Tough it is not an exact match with the provision of Deuteronomy 8:10 to bless the Lord for the good of the land; as Bokovoy and Tvedtness note, “the context of Deuteronomy 8:10 is gratitude to God....”(5) I would add that it is an argument of silence to say Alma did not bless God for the good of the land. We do not know what he said in that prayer of thanks, but obviously Alma, in a spirit of gratitude, remembers the source of his blessings as he blesses Amulek and expresses “thanks unto God.” Subtle though this passage is, so subtle, in fact, it is easy to pass over the sequential implications of it, one must ask how Joseph Smith continues to come up with these “zingers” which reflect ancient customs, of which he was likely unaware, as often as he does?

Another account is as equally likely to be passed by without notice. 3 Nephi 18:8-18 recounts Jesus giving the sacrament of bread and wine to the Nephites “and they were filled” (3 Ne. 18:9.) In 3 Nephi 20:9 a similar thing happens again with a twist.  

Now, when the multitude had all eaten and drunk, behold, they were filled with the Spirit; and they did cry out with one voice, and gave glory to Jesus, whom they both saw and heard.

It really wouldn’t be right, if Hugh Nibley didn’t weigh in on this subject. In an essay, “Christ Among the Ruins,” he shows parallels between the Coptic document the Gospel of the Twelve Apostles and the Book of Mormon. Parallel to 3 Nephi 20:9, he finds the following in the Gospel of the Twelve Apostles:

And straightway his word came to pass in exousia [authority, as requested].  His blessing fell upon [shope] the bread in the apostle’s hands.

And all the people ate and were filled.  They gave praise to God.(6)

It is important to note that the Deuteronomy provision in 8:10 is that the blessing follows having eaten and “art full” as in the Didache and Gospel of the Twelve Apostles. In each of the Book of Mormon cases, this same language attends the prayer. Alma ate bread and “was filled”; and when the Nephites first partook of the sacrament they “were filled,” and the second time “they were filled with the Spirit.” It seems more intentional than chance that this important phrase, stipulated in Deuteronomy, is explicitly mentioned in the relevant Book of Mormon passages.(7)
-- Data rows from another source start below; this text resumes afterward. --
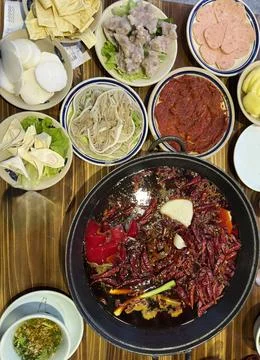 Vertical Top Down Shot of Boiling Spicy Hot Pot Broth and Meat Stock Photos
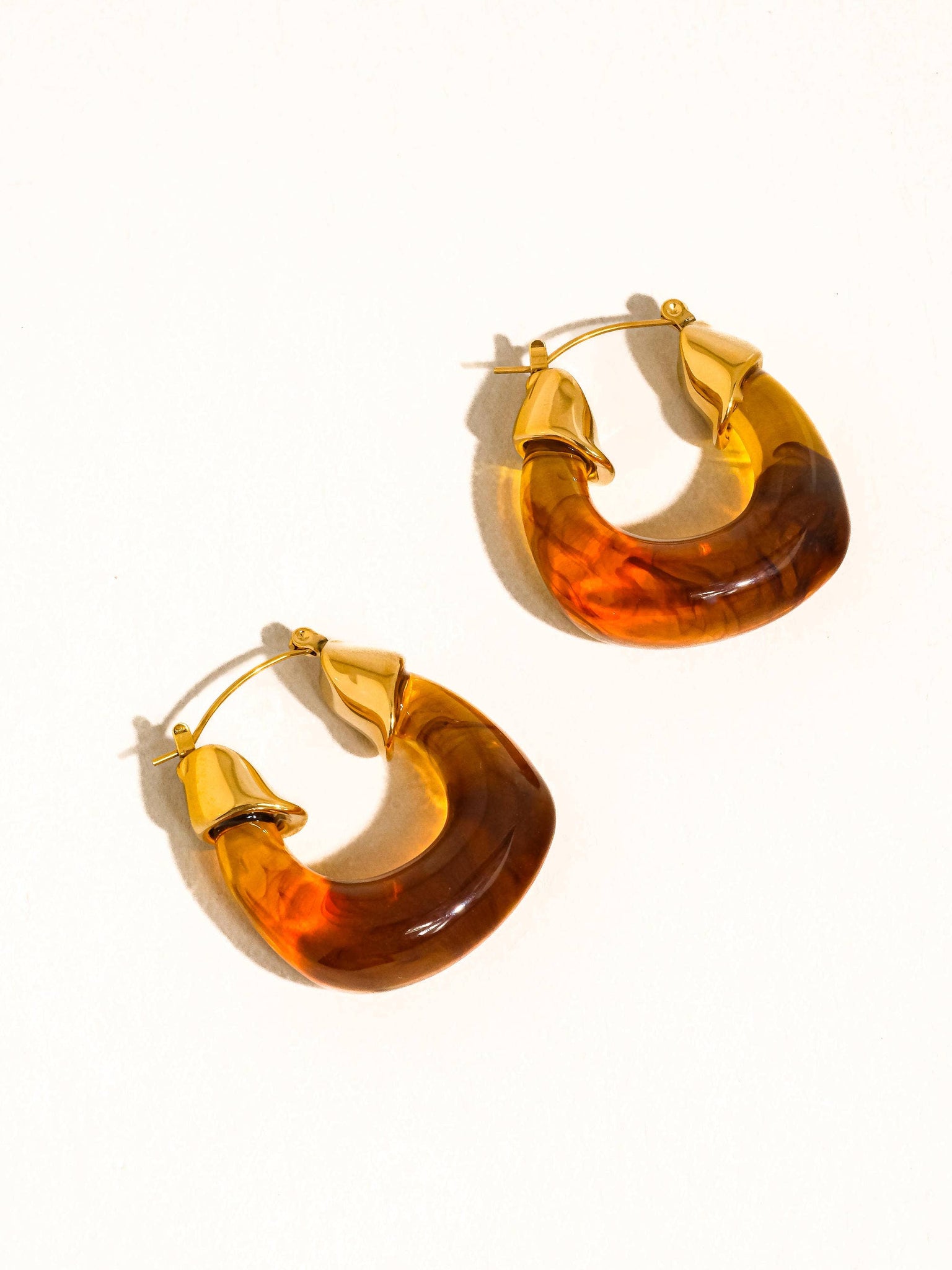 Pair of gold hoop earrings with amber-colored stones on a white background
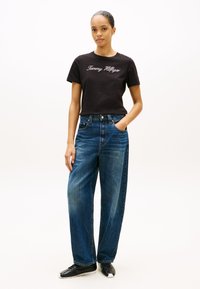 Musta puuvillainen T-paita, jossa "Tommy Hilfiger" kirjailtu valkoisella, yhdistetty löysiin, haalistuneen sinisiin leveälahkeisiin farkkuihin. Mustat tennarit jalassa.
How did the New York farm boy do this?  Was he among the luckiest of farm hands when he decided to write a book to deceive the world, or is his statement that it was translated by the gift and power of God, the best explanation?
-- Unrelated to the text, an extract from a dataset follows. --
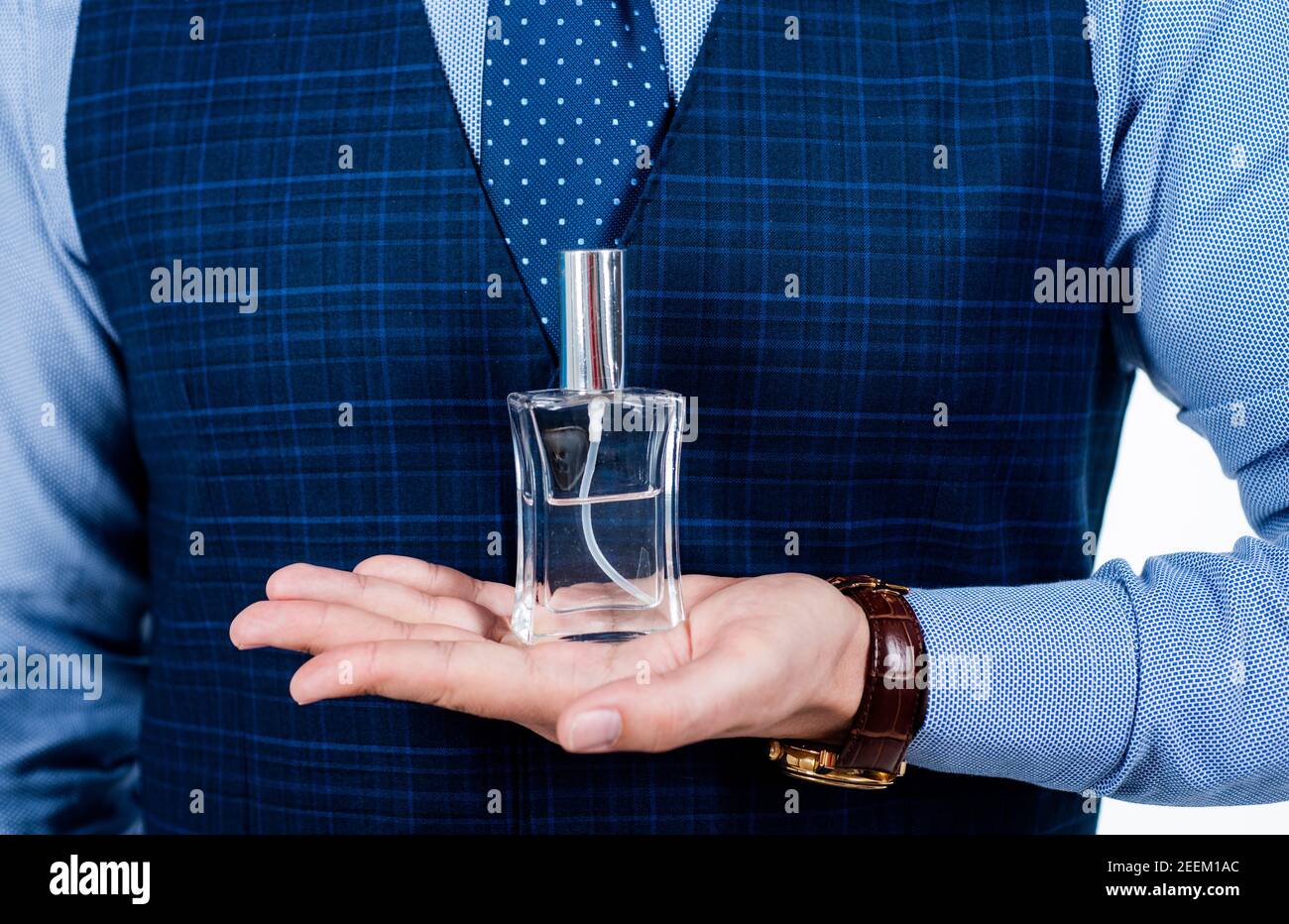 cologne for men. Perfumer shop assistant guy presenting product. Man perfume and fragrance. advertisement and announcement. Cologne bottle. male beauty and fashion. Masculine perfume. Stock Photo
Thank God for Joseph Smith and the little “zingers” that fairly surfeit the Book of Mormon text as evidences that it came from God.

Lets think together again, soon.

Notes:

1.  David E. Bokovoy and John A. Tvedtnes, Testaments: Links between the Book of Mormon and the Hebrew Bible, Tooele UT: Heritage Distribution, 2003, 161.

2.  Theodore H. Gaster, The Dead Sea Scriptures, 3rd ed., Garden City N.Y.: Doubleday, 1976, 219-21, see especially stanzas 13-14, title emphasis mine.

3.  John W. Welch, “From Presence to Practice: Jesus, the Sacrament Prayers, the Priesthood, and Church Discipline in 3 Nephi 18 and Moroni 2-6,” Journal of Book of Mormon Studies 5, n. 1 (1996):134.

4.  Harry Sperling, Maurice Simon, and Paul P. Levertoff, The Zohar, New York: Bennet, 1958, 2:364.

5.  Bokovy and Tvedtness, Testaments, 163.

6.  Hugh W. Nibley, The Prophetic Book of Mormon, John W. Welch, ed., Salt Lake City: Deseret Book and FARMS, 1989, 421, bold emphasis mine.  I believe this is Nibley's translation of the Gospel of the Twelve Apostles.

7.  As is so often the case, there was a rabbinical debate over what it took to “be filled.”  See Bokovoy and Tvedtness, Testaments, 162 and accompanying notes.